**DIRECTIONS FOR THIS TASK**.
Go through the following data and transcribe exactly the stretch of lines from the one holding "[BUNJANG] Couple Figures" to the one holding "Airbus A321 (N120EE)", both included.
::: GIVEN DATA :::
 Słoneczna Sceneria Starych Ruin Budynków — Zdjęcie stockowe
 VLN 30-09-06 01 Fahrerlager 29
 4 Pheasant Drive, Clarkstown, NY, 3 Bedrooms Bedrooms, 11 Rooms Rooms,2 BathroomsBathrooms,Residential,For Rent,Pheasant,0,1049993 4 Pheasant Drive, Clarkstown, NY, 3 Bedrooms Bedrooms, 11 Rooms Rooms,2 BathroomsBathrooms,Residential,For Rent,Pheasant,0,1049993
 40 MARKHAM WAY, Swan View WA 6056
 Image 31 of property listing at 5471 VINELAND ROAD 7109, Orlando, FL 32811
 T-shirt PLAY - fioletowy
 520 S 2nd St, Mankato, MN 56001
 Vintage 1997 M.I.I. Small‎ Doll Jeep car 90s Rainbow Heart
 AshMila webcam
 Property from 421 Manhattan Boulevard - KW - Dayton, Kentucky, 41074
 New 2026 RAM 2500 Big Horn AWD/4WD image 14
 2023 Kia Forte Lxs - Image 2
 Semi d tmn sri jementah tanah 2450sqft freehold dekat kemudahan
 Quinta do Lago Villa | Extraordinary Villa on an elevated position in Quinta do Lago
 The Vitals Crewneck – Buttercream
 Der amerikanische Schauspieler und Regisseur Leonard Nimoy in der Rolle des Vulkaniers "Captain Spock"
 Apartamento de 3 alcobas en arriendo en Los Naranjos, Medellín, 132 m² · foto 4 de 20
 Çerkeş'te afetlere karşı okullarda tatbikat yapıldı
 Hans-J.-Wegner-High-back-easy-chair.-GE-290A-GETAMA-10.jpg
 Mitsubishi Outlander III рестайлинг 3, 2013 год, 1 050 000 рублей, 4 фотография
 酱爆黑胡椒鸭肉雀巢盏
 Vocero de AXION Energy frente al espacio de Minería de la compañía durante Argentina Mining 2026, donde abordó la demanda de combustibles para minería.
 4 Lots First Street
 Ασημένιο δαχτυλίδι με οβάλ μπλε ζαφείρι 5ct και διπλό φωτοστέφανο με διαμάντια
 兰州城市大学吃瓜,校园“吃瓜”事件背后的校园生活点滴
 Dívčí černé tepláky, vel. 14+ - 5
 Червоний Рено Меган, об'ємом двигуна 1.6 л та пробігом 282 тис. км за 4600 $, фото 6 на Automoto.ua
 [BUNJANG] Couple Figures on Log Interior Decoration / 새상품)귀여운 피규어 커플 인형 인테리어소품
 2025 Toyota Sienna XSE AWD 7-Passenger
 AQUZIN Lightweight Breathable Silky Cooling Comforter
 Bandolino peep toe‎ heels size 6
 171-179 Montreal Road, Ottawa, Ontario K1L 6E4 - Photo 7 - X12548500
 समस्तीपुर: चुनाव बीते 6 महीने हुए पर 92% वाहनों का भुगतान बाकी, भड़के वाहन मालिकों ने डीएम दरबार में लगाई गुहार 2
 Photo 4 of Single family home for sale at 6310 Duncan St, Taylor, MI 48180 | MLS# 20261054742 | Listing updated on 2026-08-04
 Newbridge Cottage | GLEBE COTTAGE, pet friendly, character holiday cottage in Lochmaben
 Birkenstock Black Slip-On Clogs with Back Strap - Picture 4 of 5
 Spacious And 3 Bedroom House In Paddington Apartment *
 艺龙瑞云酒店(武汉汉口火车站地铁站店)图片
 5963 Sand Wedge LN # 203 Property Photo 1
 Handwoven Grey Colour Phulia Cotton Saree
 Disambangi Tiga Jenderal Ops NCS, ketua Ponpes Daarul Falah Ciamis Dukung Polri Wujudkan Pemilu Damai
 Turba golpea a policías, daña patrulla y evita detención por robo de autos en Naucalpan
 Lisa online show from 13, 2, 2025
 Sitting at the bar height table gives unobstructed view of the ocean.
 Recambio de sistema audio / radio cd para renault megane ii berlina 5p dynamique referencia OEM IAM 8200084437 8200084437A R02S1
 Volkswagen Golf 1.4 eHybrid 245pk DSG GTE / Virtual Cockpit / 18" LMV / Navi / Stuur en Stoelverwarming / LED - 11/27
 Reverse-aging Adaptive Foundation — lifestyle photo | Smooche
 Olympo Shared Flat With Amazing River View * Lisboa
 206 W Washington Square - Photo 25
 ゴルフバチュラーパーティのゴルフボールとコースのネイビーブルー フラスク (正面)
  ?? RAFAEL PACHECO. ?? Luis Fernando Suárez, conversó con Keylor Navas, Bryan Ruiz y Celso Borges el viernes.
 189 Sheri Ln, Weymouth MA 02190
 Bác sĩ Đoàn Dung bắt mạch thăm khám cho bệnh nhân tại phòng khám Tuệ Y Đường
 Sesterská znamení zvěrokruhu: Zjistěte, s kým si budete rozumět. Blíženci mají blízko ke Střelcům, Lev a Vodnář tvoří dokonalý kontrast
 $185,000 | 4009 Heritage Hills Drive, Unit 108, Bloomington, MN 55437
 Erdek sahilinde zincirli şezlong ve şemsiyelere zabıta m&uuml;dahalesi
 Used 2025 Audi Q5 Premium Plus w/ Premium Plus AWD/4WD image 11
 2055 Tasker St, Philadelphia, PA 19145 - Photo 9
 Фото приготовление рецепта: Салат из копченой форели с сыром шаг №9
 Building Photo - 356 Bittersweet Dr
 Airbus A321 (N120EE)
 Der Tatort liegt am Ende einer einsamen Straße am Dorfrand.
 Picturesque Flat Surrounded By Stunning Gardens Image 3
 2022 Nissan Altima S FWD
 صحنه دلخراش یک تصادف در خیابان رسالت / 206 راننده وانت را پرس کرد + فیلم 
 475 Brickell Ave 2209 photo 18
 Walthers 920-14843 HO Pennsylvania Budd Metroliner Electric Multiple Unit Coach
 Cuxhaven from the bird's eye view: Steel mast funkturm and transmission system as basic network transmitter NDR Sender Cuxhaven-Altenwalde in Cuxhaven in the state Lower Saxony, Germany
:::
**SOLUTION**.
 [BUNJANG] Couple Figures on Log Interior Decoration / 새상품)귀여운 피규어 커플 인형 인테리어소품
 2025 Toyota Sienna XSE AWD 7-Passenger
 AQUZIN Lightweight Breathable Silky Cooling Comforter
 Bandolino peep toe‎ heels size 6
 171-179 Montreal Road, Ottawa, Ontario K1L 6E4 - Photo 7 - X12548500
 समस्तीपुर: चुनाव बीते 6 महीने हुए पर 92% वाहनों का भुगतान बाकी, भड़के वाहन मालिकों ने डीएम दरबार में लगाई गुहार 2
 Photo 4 of Single family home for sale at 6310 Duncan St, Taylor, MI 48180 | MLS# 20261054742 | Listing updated on 2026-08-04
 Newbridge Cottage | GLEBE COTTAGE, pet friendly, character holiday cottage in Lochmaben
 Birkenstock Black Slip-On Clogs with Back Strap - Picture 4 of 5
 Spacious And 3 Bedroom House In Paddington Apartment *
 艺龙瑞云酒店(武汉汉口火车站地铁站店)图片
 5963 Sand Wedge LN # 203 Property Photo 1
 Handwoven Grey Colour Phulia Cotton Saree
 Disambangi Tiga Jenderal Ops NCS, ketua Ponpes Daarul Falah Ciamis Dukung Polri Wujudkan Pemilu Damai
 Turba golpea a policías, daña patrulla y evita detención por robo de autos en Naucalpan
 Lisa online show from 13, 2, 2025
 Sitting at the bar height table gives unobstructed view of the ocean.
 Recambio de sistema audio / radio cd para renault megane ii berlina 5p dynamique referencia OEM IAM 8200084437 8200084437A R02S1
 Volkswagen Golf 1.4 eHybrid 245pk DSG GTE / Virtual Cockpit / 18" LMV / Navi / Stuur en Stoelverwarming / LED - 11/27
 Reverse-aging Adaptive Foundation — lifestyle photo | Smooche
 Olympo Shared Flat With Amazing River View * Lisboa
 206 W Washington Square - Photo 25
 ゴルフバチュラーパーティのゴルフボールとコースのネイビーブルー フラスク (正面)
  ?? RAFAEL PACHECO. ?? Luis Fernando Suárez, conversó con Keylor Navas, Bryan Ruiz y Celso Borges el viernes.
 189 Sheri Ln, Weymouth MA 02190
 Bác sĩ Đoàn Dung bắt mạch thăm khám cho bệnh nhân tại phòng khám Tuệ Y Đường
 Sesterská znamení zvěrokruhu: Zjistěte, s kým si budete rozumět. Blíženci mají blízko ke Střelcům, Lev a Vodnář tvoří dokonalý kontrast
 $185,000 | 4009 Heritage Hills Drive, Unit 108, Bloomington, MN 55437
 Erdek sahilinde zincirli şezlong ve şemsiyelere zabıta m&uuml;dahalesi
 Used 2025 Audi Q5 Premium Plus w/ Premium Plus AWD/4WD image 11
 2055 Tasker St, Philadelphia, PA 19145 - Photo 9
 Фото приготовление рецепта: Салат из копченой форели с сыром шаг №9
 Building Photo - 356 Bittersweet Dr
 Airbus A321 (N120EE)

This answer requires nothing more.